=== Section Start ===

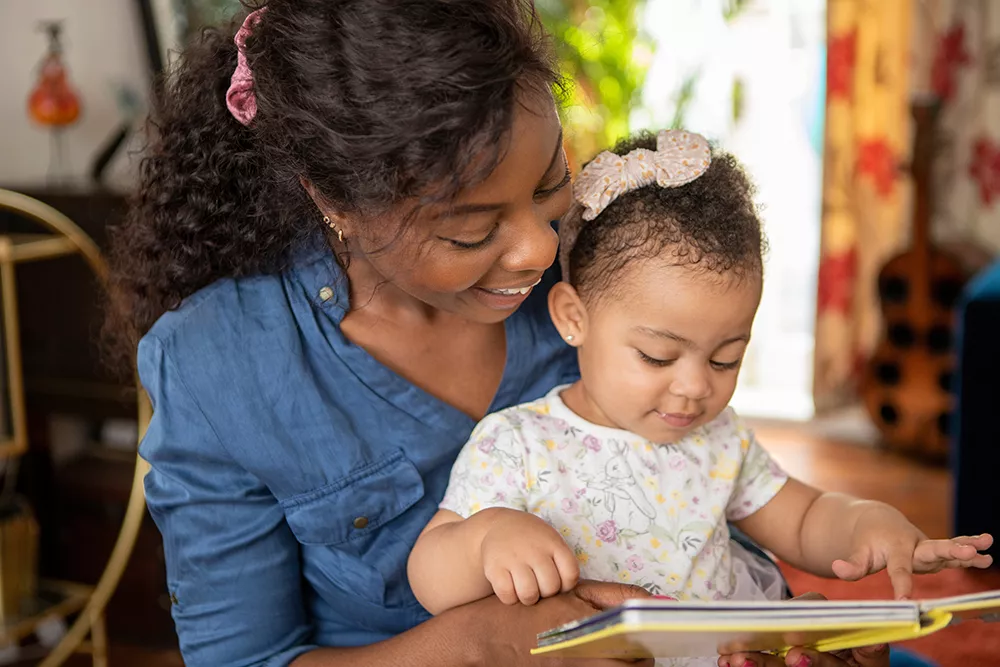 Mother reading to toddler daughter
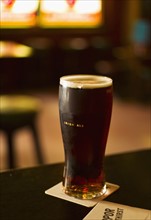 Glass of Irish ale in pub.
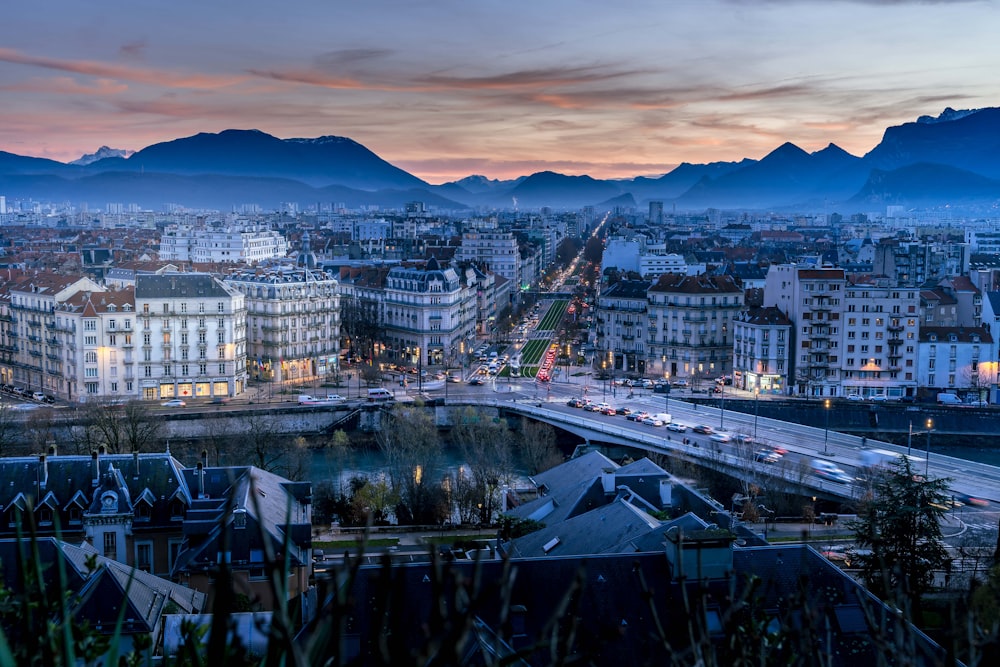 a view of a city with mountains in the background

=== Section End ===
=== Section Start ===

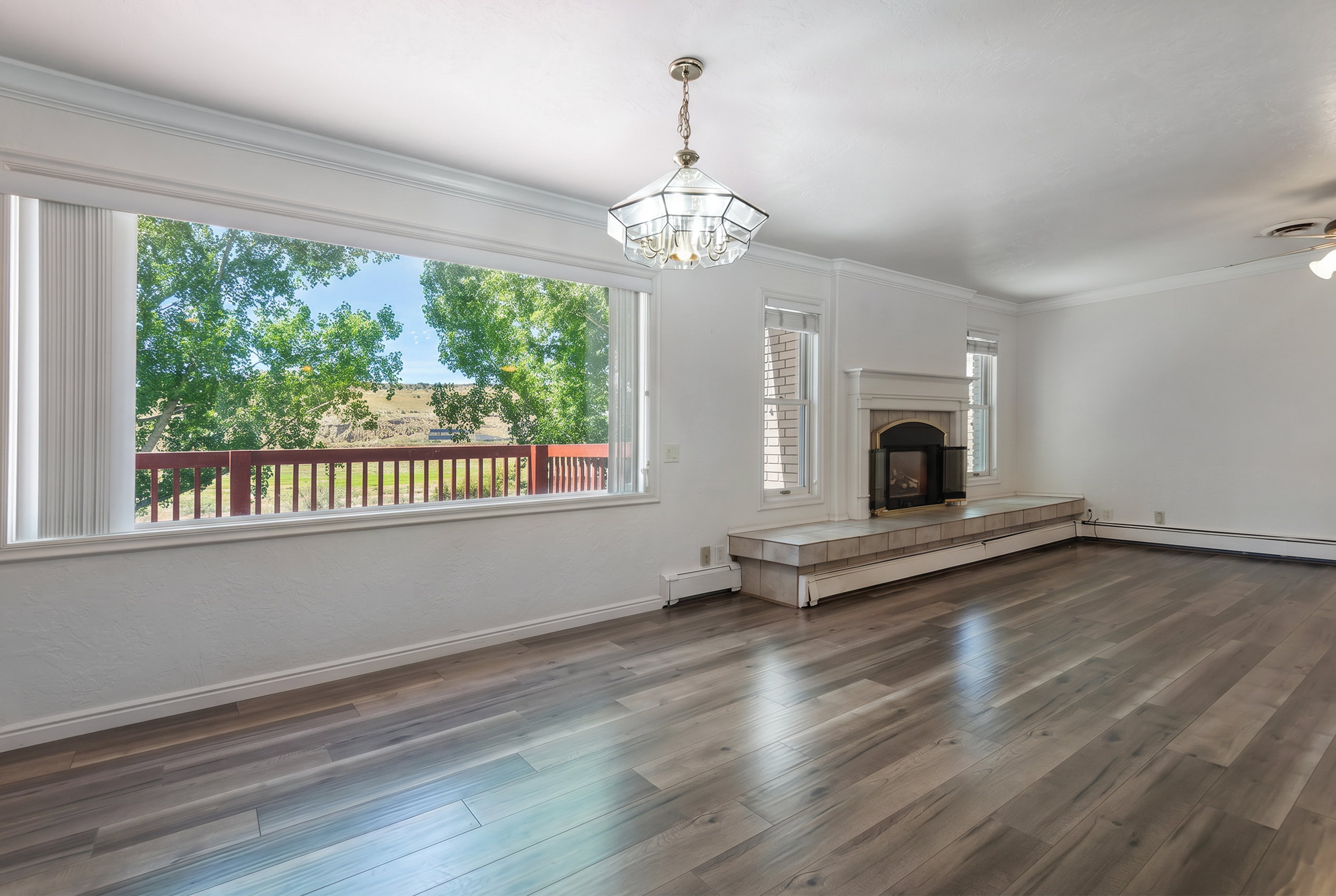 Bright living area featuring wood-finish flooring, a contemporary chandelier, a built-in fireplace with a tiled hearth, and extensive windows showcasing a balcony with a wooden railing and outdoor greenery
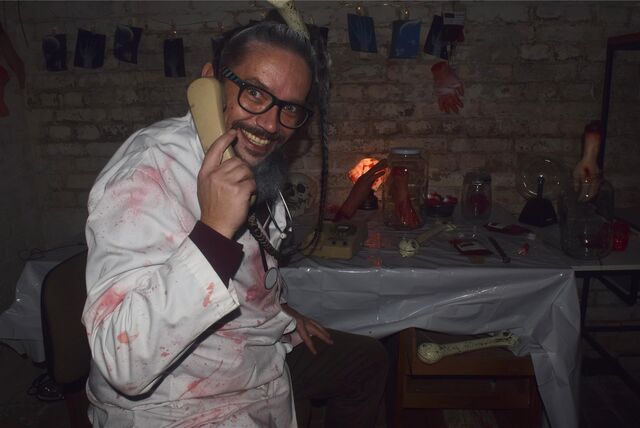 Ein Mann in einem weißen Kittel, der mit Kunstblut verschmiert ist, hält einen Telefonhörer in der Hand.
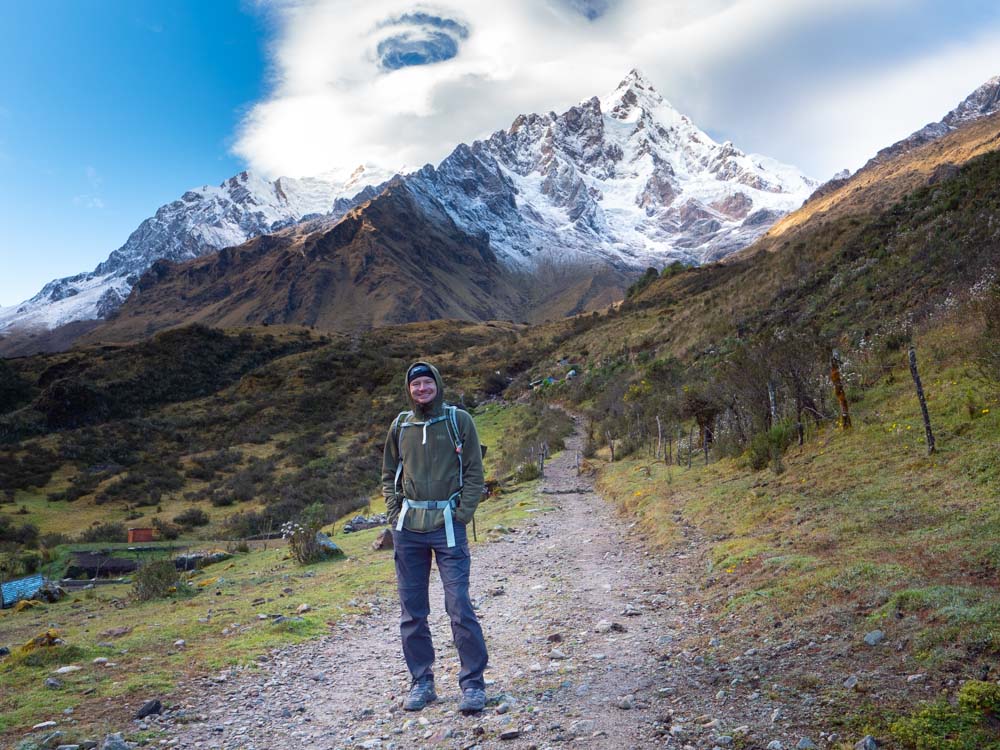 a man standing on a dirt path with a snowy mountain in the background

=== Section End ===

→ Task to complete
Look above for the line with "Glass of Irish ale in pub." and the line with "a view of a". Give again exactly those two lines and all lines between them, pictures excluded.

→ Output
 Glass of Irish ale in pub.
 a view of a city with mountains in the background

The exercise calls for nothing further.